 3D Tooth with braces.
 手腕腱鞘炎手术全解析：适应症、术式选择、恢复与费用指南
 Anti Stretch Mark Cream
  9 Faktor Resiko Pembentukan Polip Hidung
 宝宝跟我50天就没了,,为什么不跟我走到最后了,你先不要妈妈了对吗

━━━

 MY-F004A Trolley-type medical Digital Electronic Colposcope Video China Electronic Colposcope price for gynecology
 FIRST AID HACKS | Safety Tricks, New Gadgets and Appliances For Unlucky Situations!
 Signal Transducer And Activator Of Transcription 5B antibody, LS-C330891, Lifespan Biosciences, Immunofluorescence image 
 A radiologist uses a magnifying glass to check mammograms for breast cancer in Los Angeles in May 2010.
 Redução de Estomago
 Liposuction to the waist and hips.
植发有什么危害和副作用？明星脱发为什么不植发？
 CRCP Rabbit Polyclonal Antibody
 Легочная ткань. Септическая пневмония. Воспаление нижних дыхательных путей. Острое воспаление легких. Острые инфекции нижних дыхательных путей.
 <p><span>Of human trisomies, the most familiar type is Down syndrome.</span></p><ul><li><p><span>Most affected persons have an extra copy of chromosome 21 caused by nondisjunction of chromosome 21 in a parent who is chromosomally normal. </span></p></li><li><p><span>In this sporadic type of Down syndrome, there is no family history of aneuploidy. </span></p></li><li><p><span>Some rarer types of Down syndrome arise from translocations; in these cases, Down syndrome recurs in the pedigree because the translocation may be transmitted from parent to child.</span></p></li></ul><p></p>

━━━

▸ Task item:
Beginning at the line with "Anti Stretch Mark Cream" and ending at the line with "宝宝跟我50天就没了,,为什么不跟我走到最后了,你先不要妈妈了对吗", reproduce each line of the data above exactly, and add no other lines.

▸ Reply:
 Anti Stretch Mark Cream
  9 Faktor Resiko Pembentukan Polip Hidung
 宝宝跟我50天就没了,,为什么不跟我走到最后了,你先不要妈妈了对吗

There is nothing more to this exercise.